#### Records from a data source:

== Segment start ==

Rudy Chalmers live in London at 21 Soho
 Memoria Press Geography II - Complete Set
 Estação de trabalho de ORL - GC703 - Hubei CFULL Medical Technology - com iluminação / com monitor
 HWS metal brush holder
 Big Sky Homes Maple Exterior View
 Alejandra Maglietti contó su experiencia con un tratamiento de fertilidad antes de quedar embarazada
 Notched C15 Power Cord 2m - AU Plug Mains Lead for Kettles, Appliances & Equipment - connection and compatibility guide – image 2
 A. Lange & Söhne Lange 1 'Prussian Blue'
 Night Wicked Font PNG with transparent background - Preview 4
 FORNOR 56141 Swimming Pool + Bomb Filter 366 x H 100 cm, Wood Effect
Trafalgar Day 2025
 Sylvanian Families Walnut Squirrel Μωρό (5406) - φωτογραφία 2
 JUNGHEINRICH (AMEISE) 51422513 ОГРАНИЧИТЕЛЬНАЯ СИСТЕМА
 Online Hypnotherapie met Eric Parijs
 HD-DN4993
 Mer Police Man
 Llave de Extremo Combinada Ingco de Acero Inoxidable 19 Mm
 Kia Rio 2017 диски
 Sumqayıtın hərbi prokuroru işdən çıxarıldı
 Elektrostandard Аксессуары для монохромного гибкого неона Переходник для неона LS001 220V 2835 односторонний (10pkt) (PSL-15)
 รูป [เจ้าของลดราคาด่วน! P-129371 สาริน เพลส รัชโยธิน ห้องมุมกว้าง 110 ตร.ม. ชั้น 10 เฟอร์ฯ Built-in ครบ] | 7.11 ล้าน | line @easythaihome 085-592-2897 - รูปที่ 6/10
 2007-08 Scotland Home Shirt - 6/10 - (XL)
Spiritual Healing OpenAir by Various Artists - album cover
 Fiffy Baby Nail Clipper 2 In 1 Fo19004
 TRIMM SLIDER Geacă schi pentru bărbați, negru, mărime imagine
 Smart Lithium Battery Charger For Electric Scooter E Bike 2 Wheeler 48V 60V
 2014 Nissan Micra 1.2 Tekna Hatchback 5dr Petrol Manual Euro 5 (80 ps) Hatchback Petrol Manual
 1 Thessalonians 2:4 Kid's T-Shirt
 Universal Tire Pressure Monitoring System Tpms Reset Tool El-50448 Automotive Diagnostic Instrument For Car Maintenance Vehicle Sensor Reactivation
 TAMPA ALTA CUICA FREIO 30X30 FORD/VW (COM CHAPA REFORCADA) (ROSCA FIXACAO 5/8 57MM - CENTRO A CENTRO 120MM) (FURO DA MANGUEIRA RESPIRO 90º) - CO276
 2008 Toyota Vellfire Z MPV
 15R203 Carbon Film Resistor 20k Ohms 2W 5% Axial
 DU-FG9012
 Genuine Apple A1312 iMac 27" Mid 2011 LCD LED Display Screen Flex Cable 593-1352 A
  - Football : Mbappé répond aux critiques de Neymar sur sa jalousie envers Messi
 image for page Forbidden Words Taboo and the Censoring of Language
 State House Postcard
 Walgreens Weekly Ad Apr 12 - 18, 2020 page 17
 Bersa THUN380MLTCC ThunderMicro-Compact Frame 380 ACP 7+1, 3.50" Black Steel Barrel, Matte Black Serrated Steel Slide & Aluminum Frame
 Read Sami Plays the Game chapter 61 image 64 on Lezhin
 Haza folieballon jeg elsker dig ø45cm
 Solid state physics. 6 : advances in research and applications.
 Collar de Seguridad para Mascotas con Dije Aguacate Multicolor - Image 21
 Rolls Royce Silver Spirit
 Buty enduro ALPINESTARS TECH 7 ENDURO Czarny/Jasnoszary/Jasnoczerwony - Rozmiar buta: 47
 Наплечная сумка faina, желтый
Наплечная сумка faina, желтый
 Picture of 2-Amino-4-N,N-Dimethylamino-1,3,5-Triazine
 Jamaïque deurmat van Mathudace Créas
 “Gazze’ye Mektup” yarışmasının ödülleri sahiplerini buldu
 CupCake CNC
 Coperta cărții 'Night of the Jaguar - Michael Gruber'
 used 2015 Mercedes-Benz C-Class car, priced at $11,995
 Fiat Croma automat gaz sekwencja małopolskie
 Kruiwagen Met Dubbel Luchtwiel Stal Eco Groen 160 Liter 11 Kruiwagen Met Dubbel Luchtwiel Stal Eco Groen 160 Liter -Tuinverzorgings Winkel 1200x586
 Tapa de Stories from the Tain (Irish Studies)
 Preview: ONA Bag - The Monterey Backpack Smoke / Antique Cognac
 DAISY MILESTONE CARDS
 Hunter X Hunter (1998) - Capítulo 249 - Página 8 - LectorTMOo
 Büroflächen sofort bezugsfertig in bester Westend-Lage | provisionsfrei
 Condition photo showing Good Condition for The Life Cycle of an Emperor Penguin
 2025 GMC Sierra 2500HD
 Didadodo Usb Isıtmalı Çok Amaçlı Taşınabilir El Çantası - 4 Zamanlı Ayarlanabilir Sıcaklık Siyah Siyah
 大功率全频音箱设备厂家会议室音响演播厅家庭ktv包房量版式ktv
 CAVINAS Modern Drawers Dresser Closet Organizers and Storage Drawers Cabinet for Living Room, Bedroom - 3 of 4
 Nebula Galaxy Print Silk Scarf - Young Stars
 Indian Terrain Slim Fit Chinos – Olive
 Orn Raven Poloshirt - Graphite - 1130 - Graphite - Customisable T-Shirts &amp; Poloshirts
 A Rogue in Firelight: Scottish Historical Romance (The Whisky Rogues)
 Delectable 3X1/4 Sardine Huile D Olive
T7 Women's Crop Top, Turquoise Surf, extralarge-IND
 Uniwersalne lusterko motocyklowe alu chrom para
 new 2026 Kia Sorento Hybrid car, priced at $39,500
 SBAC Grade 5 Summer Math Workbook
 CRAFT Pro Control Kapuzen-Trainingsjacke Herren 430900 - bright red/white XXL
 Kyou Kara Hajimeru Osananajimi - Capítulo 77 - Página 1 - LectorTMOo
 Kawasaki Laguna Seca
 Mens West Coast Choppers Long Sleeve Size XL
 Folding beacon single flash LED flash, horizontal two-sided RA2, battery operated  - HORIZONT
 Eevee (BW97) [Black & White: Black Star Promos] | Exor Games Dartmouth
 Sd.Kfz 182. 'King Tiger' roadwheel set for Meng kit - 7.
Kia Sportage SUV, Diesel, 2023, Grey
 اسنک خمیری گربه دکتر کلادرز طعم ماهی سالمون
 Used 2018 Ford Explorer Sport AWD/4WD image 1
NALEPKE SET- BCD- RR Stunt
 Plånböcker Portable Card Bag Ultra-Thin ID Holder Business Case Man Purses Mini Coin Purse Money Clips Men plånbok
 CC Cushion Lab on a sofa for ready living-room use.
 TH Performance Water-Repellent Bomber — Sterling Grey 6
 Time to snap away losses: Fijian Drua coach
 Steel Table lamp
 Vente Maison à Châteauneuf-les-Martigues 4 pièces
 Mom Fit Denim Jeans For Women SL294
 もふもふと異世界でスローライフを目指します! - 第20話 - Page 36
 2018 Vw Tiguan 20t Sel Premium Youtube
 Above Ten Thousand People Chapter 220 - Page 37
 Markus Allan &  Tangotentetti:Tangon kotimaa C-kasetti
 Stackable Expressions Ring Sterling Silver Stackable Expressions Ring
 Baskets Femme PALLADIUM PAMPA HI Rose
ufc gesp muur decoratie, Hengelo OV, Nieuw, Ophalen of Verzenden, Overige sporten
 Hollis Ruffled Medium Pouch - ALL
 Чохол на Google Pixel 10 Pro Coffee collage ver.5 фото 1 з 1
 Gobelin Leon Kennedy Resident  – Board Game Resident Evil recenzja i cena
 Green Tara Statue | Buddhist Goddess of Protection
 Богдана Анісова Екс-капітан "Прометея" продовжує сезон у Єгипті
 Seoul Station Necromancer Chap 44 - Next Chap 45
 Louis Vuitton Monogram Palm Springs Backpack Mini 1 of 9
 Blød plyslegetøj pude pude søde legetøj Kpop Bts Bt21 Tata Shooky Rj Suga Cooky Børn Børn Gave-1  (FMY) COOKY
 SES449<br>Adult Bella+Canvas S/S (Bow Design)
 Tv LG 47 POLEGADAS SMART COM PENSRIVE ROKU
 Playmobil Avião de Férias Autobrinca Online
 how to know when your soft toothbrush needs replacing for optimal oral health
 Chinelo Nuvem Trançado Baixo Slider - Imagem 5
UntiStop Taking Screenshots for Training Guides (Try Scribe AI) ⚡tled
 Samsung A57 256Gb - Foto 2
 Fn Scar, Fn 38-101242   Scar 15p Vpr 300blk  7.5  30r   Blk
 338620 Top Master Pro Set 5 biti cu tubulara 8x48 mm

== Segment end ==

#### Action item:
Write out exactly the final stretch of the records: the line containing "UntiStop Taking Screenshots" and every line after it, through the last, and nothing else.

#### Task response:
UntiStop Taking Screenshots for Training Guides (Try Scribe AI) ⚡tled
 Samsung A57 256Gb - Foto 2
 Fn Scar, Fn 38-101242   Scar 15p Vpr 300blk  7.5  30r   Blk
 338620 Top Master Pro Set 5 biti cu tubulara 8x48 mm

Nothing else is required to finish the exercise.